Van-Horn se había sentado en el puesto del timonel y Cornelio y Hans, ayudados por el muchacho pescador, habían izado el palo y desplegado la vela.
—¿Adónde nos dirigimos, señor?—preguntó el piloto al Capitán.
—Tratemos de llegar a la costa australiana, que es la más próxima. No me atrevo, en medio de este temporal, a intentar ahora la travesía del golfo ni a dirigirme hacia las islas de Eduard Pellew, Wellesley o Groote. Más tarde procuraremos ganar las playas septentrionales de la tierra de Arnheim. ¡Atención a la vela, muchachos; y tú, Horn, cuidado con los golpes de mar!
—Perded cuidado, señor Stael.
La situación de los náufragos de la Hai-Nam era peligrosísima. Podía decirse que su existencia pendía de un hilo, que podía romperse de un momento a otro.

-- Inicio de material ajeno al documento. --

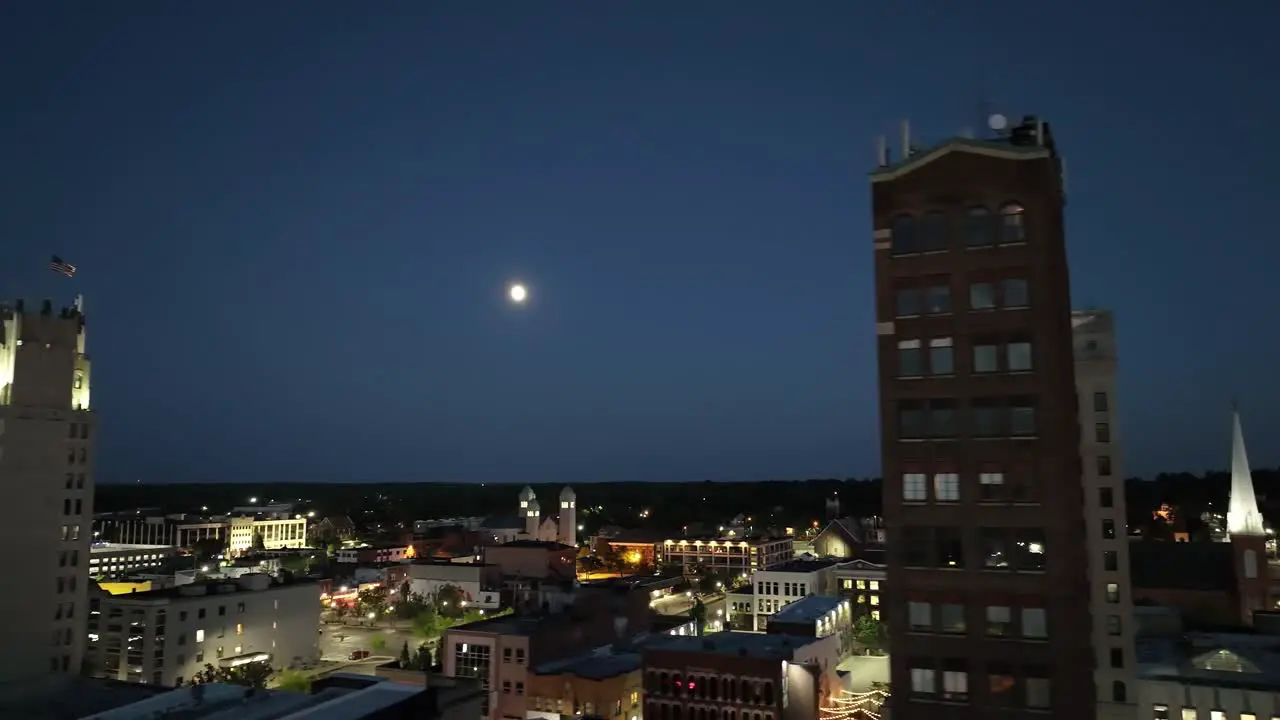 Jackson Michigan downtown at night with drone video close up with moon moving right to left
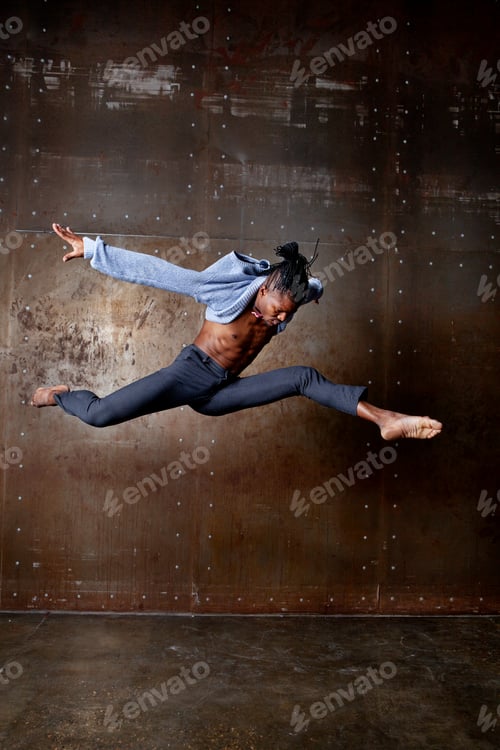 Preview: Energetic Afro American male dancer jumps and twirls in studio. Black man dancing indoors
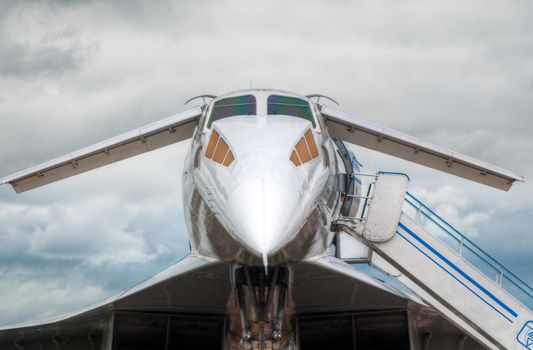 supersonic jet plane on the ground boarding with blue sky in background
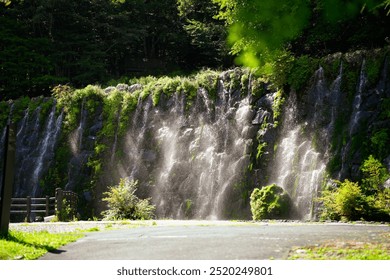 A beautiful waterfall cascading down a rocky cliff surrounded by lush green foliage. - Powered by Shutterstock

El temporal se desencadenaba entonces con furor increíble. A la primera noche de tinieblas había sucedido otra de fuego. Los relámpagos se sucedían casi sin interrupción, iluminando las masas de nubes que se amontonaban confusamente y corrían hacia el estrecho de Torres.
Retumbaban sin cesar los truenos entre los silbidos del viento y los mugidos de las olas.